▶ TASK REQUIREMENTS
Reproduce word for word the lines between those holding "POMPEY VEGAN LEATHER" and "Huwai 1pza 49x49cm", inclusive, and nothing else from the data below.

▶ SUPPLIED MATERIAL
»»

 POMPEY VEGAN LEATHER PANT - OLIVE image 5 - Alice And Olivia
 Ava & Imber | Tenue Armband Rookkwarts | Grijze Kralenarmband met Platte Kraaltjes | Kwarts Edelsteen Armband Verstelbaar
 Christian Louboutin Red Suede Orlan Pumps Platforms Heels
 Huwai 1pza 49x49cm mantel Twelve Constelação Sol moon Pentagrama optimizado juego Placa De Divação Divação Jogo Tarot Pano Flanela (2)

««
»»

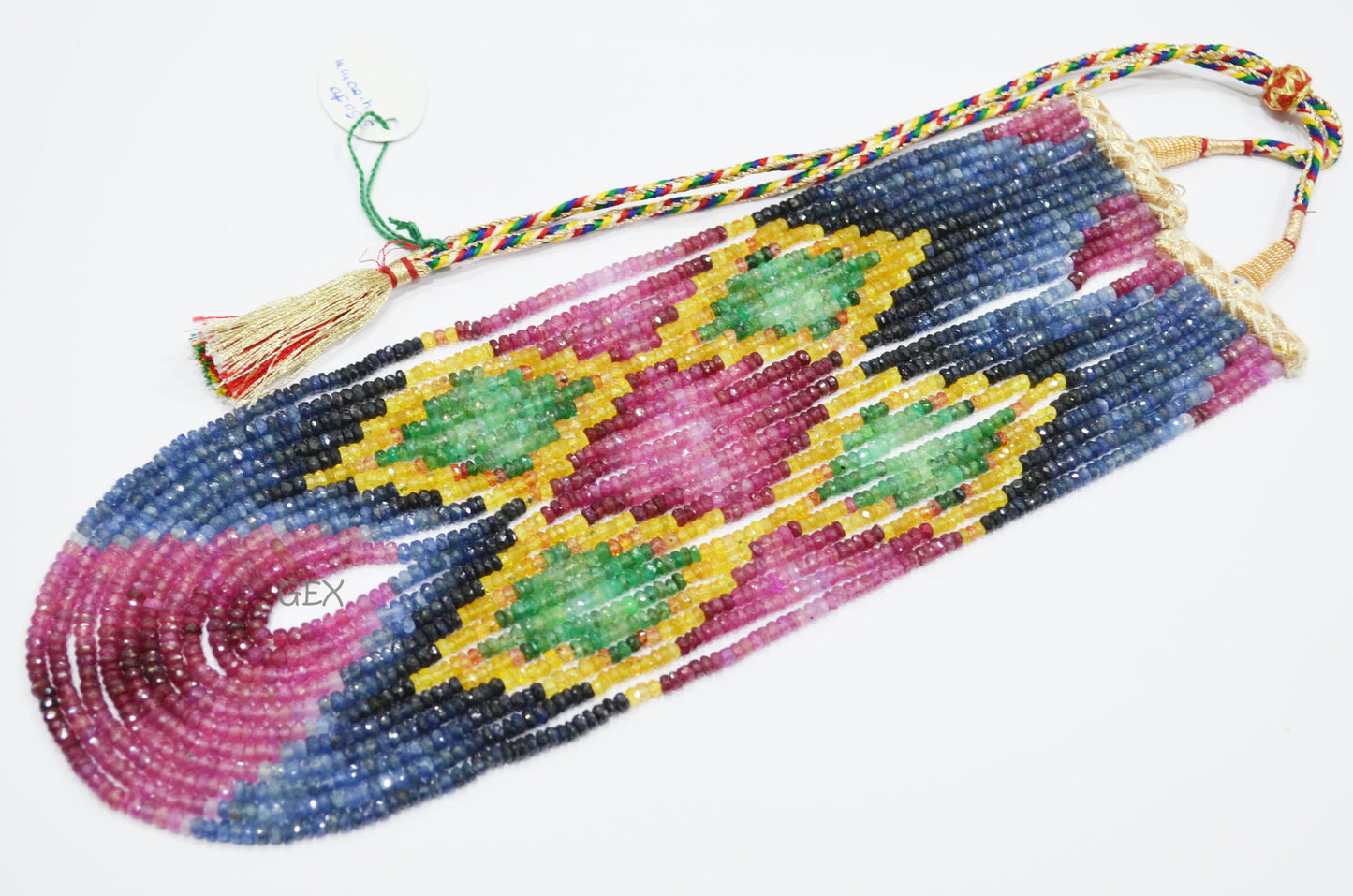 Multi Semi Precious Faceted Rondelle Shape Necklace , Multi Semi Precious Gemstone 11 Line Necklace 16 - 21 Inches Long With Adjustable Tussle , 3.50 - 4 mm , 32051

««

▶ SOLUTION TO THIS PROBLEM
 POMPEY VEGAN LEATHER PANT - OLIVE image 5 - Alice And Olivia
 Ava & Imber | Tenue Armband Rookkwarts | Grijze Kralenarmband met Platte Kraaltjes | Kwarts Edelsteen Armband Verstelbaar
 Christian Louboutin Red Suede Orlan Pumps Platforms Heels
 Huwai 1pza 49x49cm mantel Twelve Constelação Sol moon Pentagrama optimizado juego Placa De Divação Divação Jogo Tarot Pano Flanela (2)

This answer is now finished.